During the Second World War, Operation Chastise was a specialized strategic bombing operation carried out by 617 Squadron of the Royal Air Force. It was directed against German dams that provided water and power to dams in the Ruhr. 617 Squadron was created for the mission, under Wing Commander Guy Gibson. They trained in intense secrecy, not even Gibson knowing the exact target, and then having the targets held to a minimum number of officers. Operational security was extreme because the Germans could easily install countermeasures of balloon-supported cables, metal nets, or low-level anti-aircraft artillery.
Barnes Wallis, who designed the Vickers Wellingto, originally proposed to attack dams with extremely large penetrating "earthquake bombs", which indeed were used later in the war. At the time, however, no available aircraft could lift them. Arthur Harris, head of RAF Bomber Command, resisted the proposal, calling it "Tripe of the wildest description". He commented that the revolving mine would tear itself from the bomb bay and destroy the aircraft carrying it. He also said "The war will be over before it works - and it never will". Harris did not want to loose any of his precious Lancaster bombers on a "wild goose chase" that stood little chance of success. He knew from previous attacks just how venerable his bombers were.
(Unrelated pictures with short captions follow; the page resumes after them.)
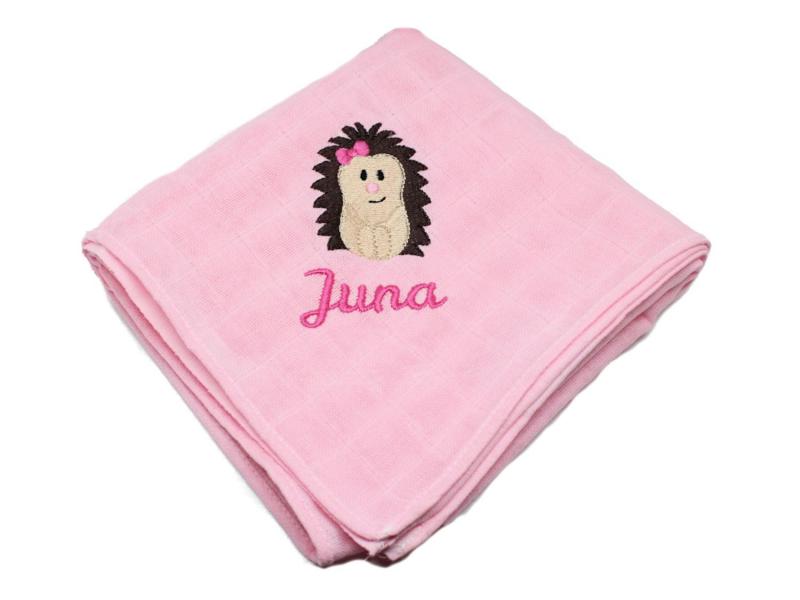 Spucktuch mit Namen Igel rosa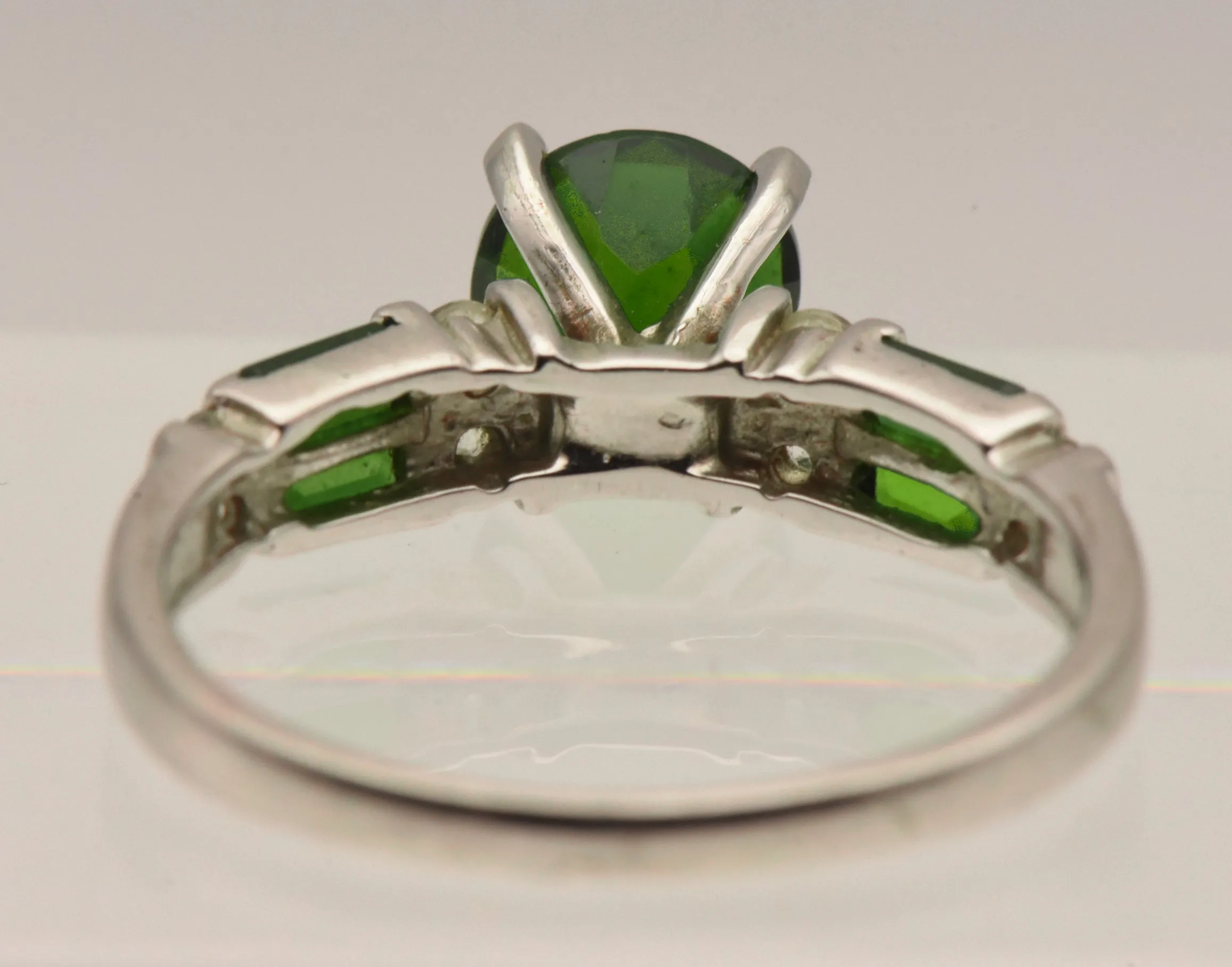 Vintage Sterling Silver Synthetic Emerald and Topaz Ring - Size 8.75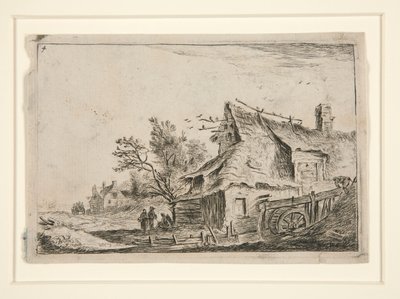 Village with a Watermill, from a set of 12 landscape etchings by Anthonie Waterloo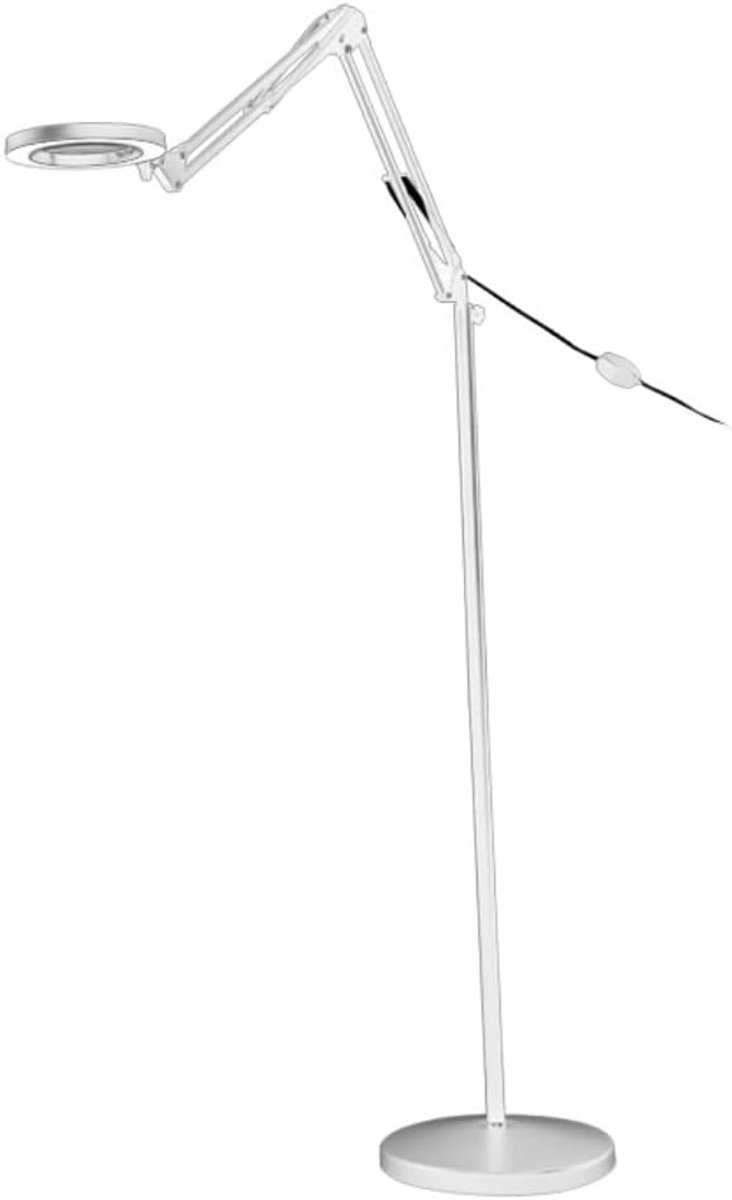 Vloerlamp Verstelbaar - Leeslamp LED - Hobby Knutselen - 8x Vergroting Lens - 50-180 cm - Wit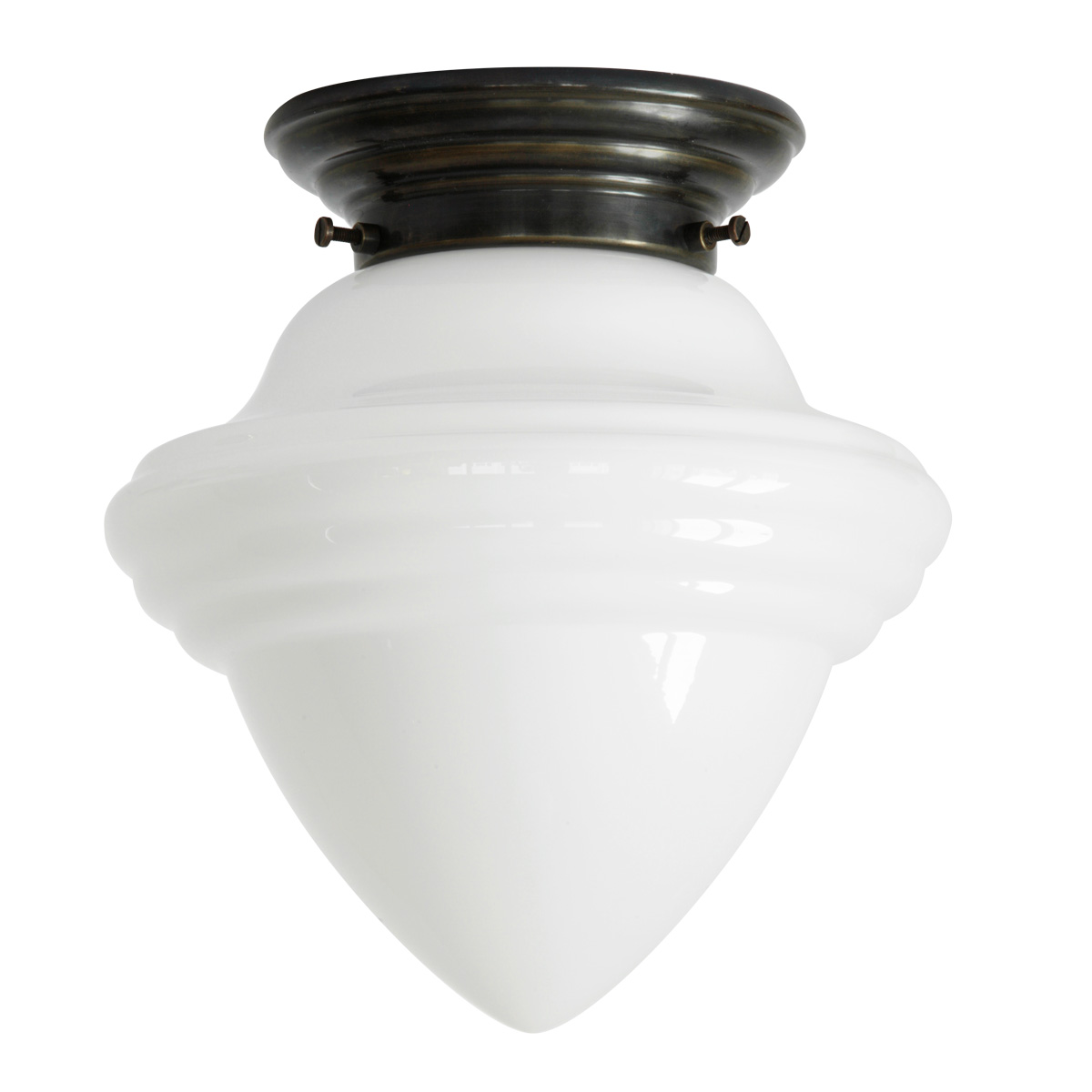 Kleine Deckenlampe mit spitzem Art déco-Opalglas Ø 16 cm: Deckenleuchte, abgebildet mit dezent gestuftem Deckenteil in Messing patiniert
Chief of the Air Staff, Air Chief Marshal Sir Charles Portal, was impressed with Wallis' test results, ordering Harris to provide three Lancasters: "If you want to win the war; bust the dams".  Wallis, to bring the bombload within the capacity of available aircraft, developed a "bouncing bomb", code-named Upkeep, which would, delivered at a precise speed and altitude, 60 feet (18.29m) and a speed 220 mph (354 km/h), skip over the lake formed by the dam, and then sink such that its force was delivered, through incompressible water, to the dame. No other weapon available at the time could damage the massive structure of dams.
Nineteen modified Avro Lancaster bombers carried out the attack during the night of 16/17 May 1943, successfully breaching the Mohne and Eder dams, but failing with attacks on two others, the Sorpe and Schwelme. Wing Commander Gibson repeatedly flew over the Mohne and Eder dams to draw fire away from the attacking aircraft and was subsequently awarded the Victoria Cross for his gallantry. Thirty-two other members of the Squadron were also decorated but a total of eight aircraft and their crews were lost during the night.
The raid did cause significant problems to German industry, but was not as devastating as had been hoped. Albert Speer wrote "employing just a few bombers…came close to a success which would have been greater than anything they had achieved hitherto with a commitment of thousands of bombers." His efforts to get the Luftwaffe to undertake similar attacks of Russian hydroelectric plants was unsuccessful.